STURGIS, S.D. (BP) -– As hordes of bikers attend the world’s largest motorcycle rally in the small town of Sturgis, S.D., churches of the Dakota Baptist Convention partner with Southern Baptists from across the United States to spread the Gospel.
The annual August event draws hundreds of thousands of bikers from around the world to this town of just over 6,600 people in South Dakota’s Black Hills.
Among them, 315 people accepted Christ this year after hearing three-minute testimonies from workers at the Dakota booth. The “bait” for this Gospel fishing expedition was a brand new Harley Davidson “Switchback” motorcycle. It drew to the tent more than 3,500 people Aug. 4-11. Local churches will follow up with those who made professions.
Dakota Baptists have been giving away Harleys for seven of the 72 years the rally has convened, said Garvon Golden, DBC executive director.
“We won’t compromise the Gospel,” Golden said, “but we’ll do whatever it takes — I should say anything that’s legal and moral and ethical — to get someone’s attention.”
Bob Hower, pastor of Foothills Church in Piedmont, S.D., has volunteered in all seven years of the ministry.
“This year I talked with a man who shared his own testimony,” Hower said. “He acknowledged, however, what he was doing wasn’t pleasing to God. I asked what was preventing him from recommitting his life to the Lord. He said, ‘nothing,’ so he did and he repented. I encouraged him to go back to Kansas City and share with his pastor that he had recommitted his life to Christ in Sturgis.”

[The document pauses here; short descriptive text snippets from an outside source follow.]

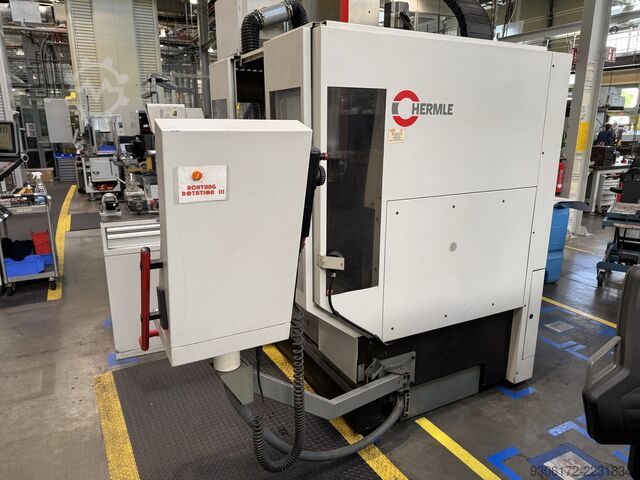 Fresadora HERMLE C 600 V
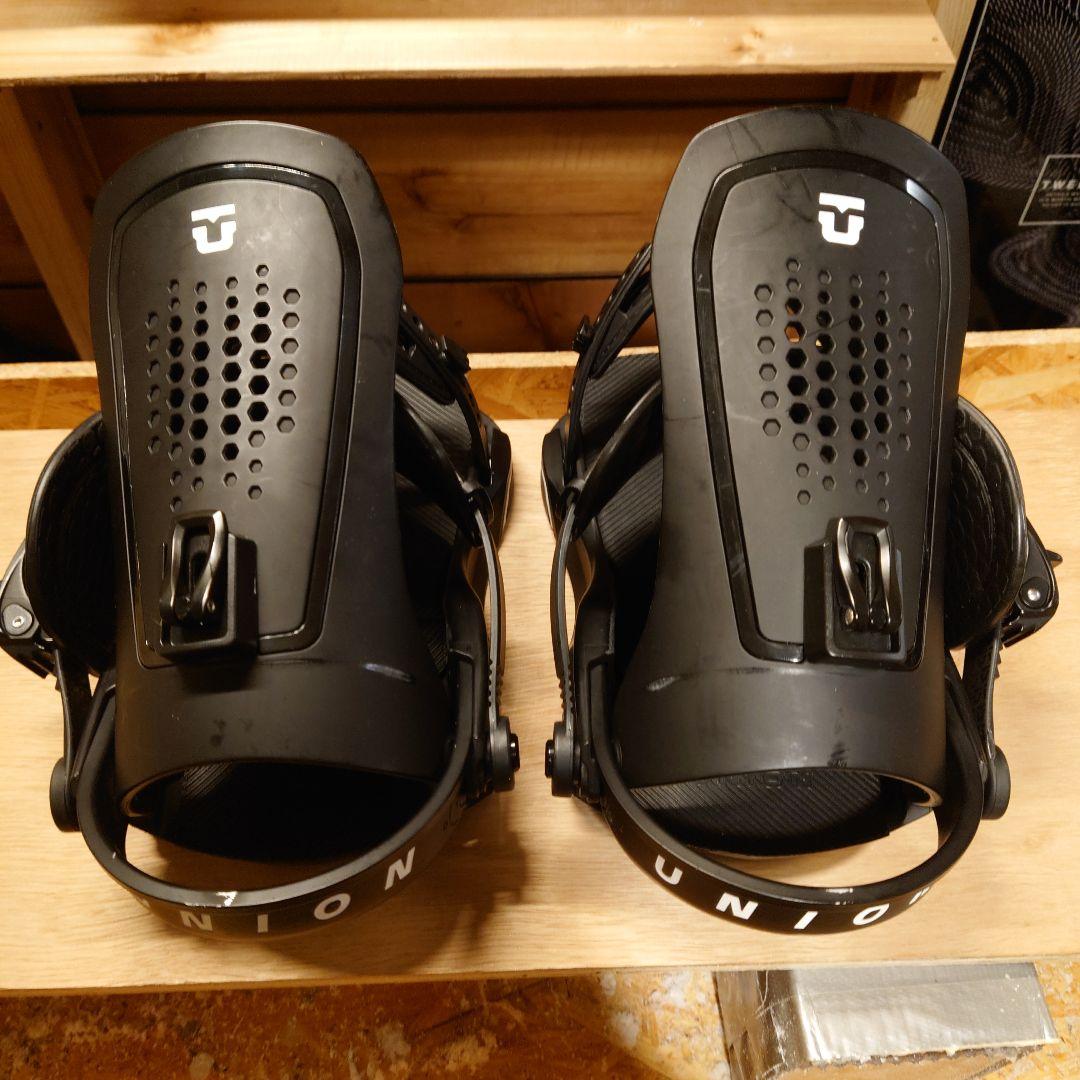 23-24 UNION FORCE Mサイズ　ビンディング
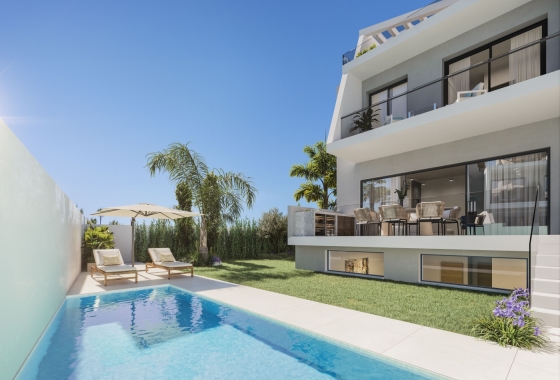 Nieuwbouw Woningen - Huis - Estepona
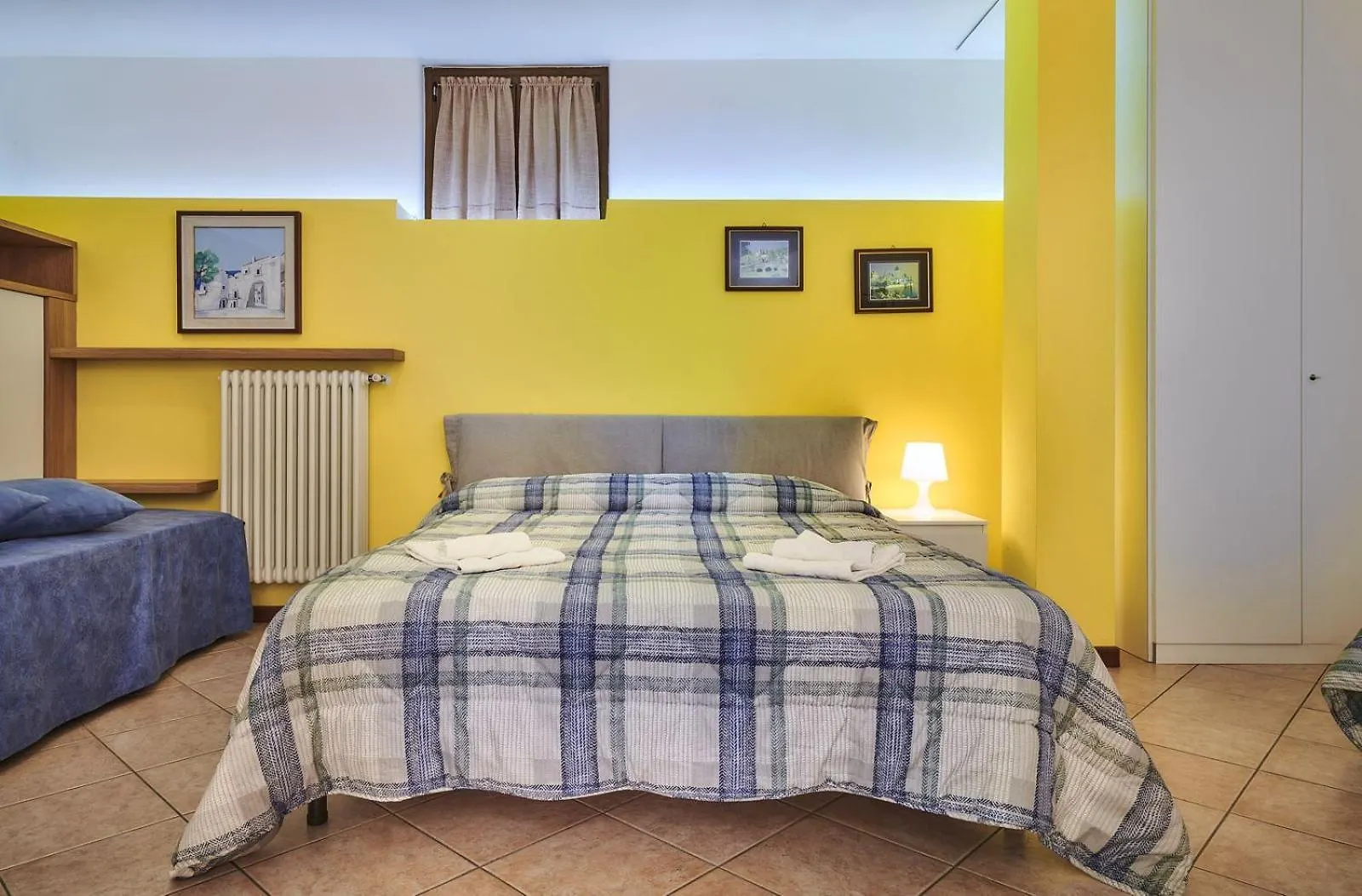 Bed & Breakfast B&B-Foresteria Casa Della Musica Lake Como Mandello del Lario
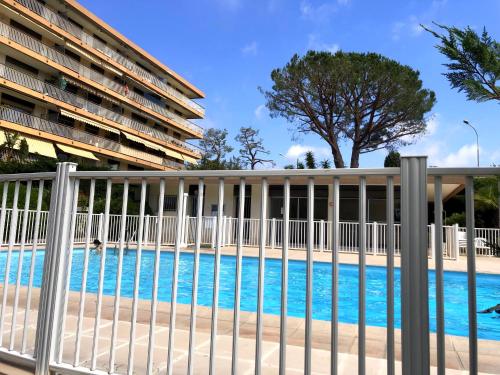 Appartement Résidence cosy le Nicerama piscine parking 201 Avenue de la Lanterne Nice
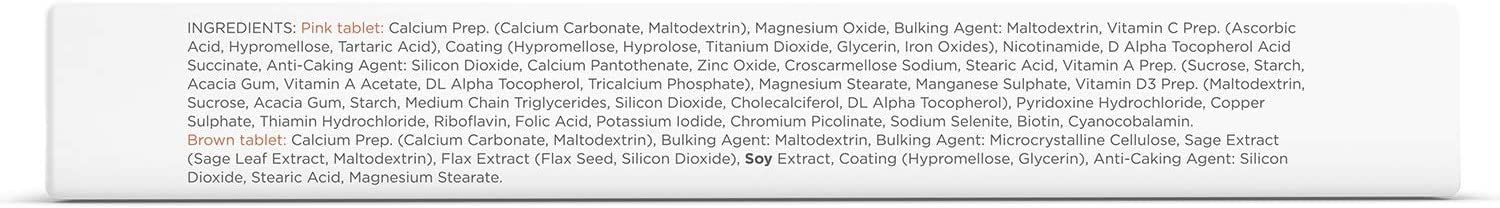 Healthspan MenoSerene, 60 count (Pack of 1) - Image 4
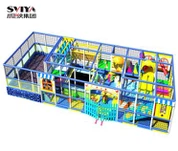 キッズプレイエリア屋内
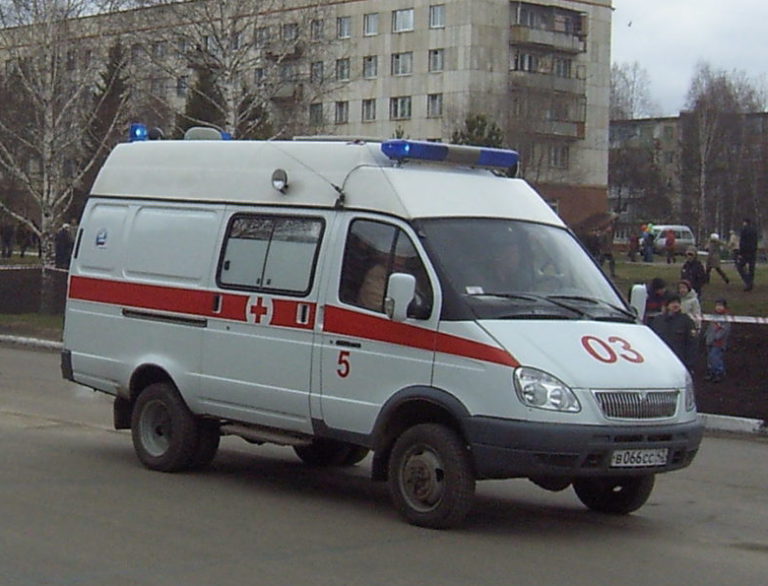 ГАЗ-32214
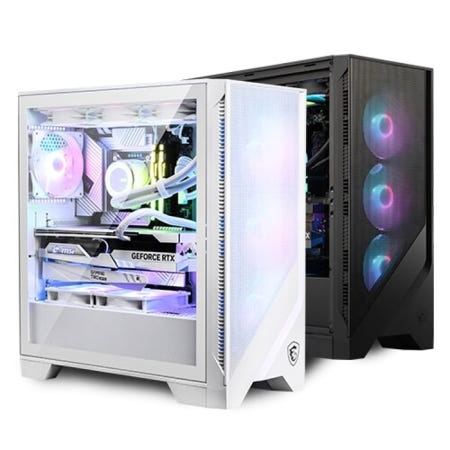 MSI MAG 포지 320R 에어플로우 (화이트)
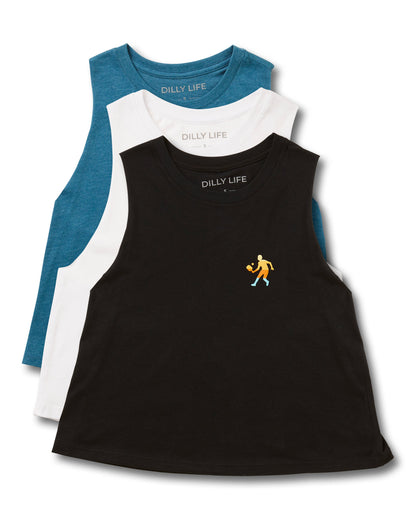 Women's Dilly Racerback Tank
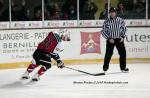 Photo hockey match Briançon  - Strasbourg  le 30/10/2010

The effort has a worldwide impact; this year a biker from Japan gave his life to Christ.
About 150 volunteers from various states served during the rally. Several area churches provided housing for workers. Other churches provided breakfast or shuttled workers to and from the tent. State and regional conventions and the North American Mission Board provided funds.
Many have seen God’s power and love at work at the outreaches, including volunteers Chris and Starla Martin of Miami, Okla., who’ve attended four rallies. He runs a motorcycle museum and she is credit supervisor for a home furnishings company.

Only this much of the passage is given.